DATA SHOWN:
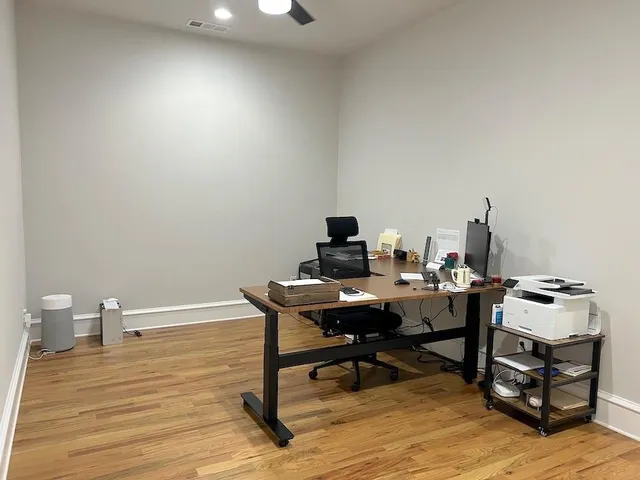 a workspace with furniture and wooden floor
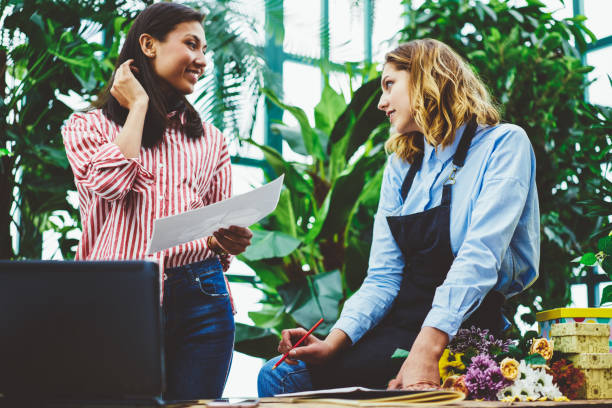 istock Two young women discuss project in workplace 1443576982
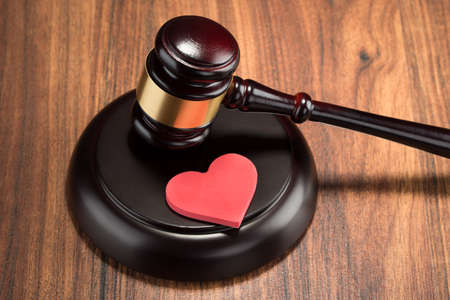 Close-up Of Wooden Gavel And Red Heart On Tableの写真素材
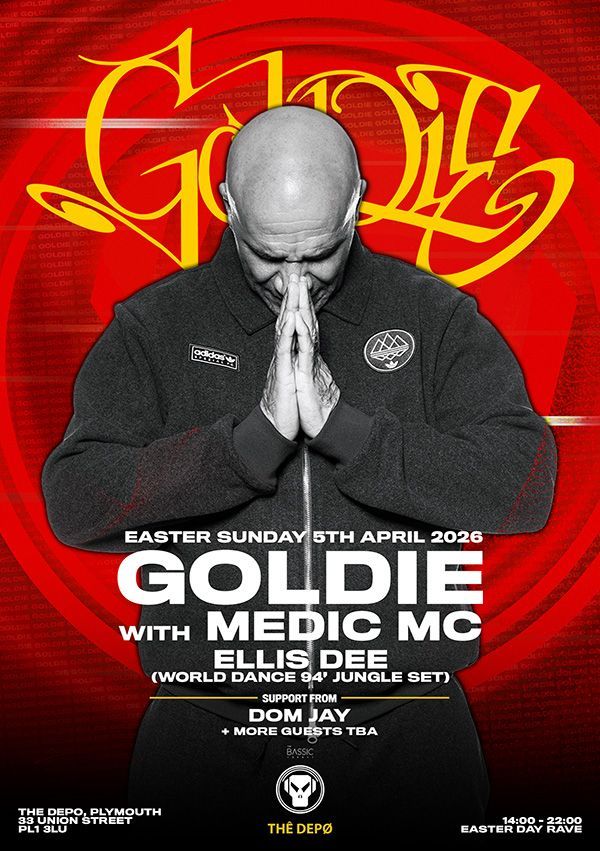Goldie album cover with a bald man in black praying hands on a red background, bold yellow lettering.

WHAT YOU WILL DO: Where the line containing "Close-up Of Wooden" appears, begin writing out the lines exactly, and continue through the end of the material above, omitting pictures.

EXERCISE RESULT:
 Close-up Of Wooden Gavel And Red Heart On Tableの写真素材
Goldie album cover with a bald man in black praying hands on a red background, bold yellow lettering.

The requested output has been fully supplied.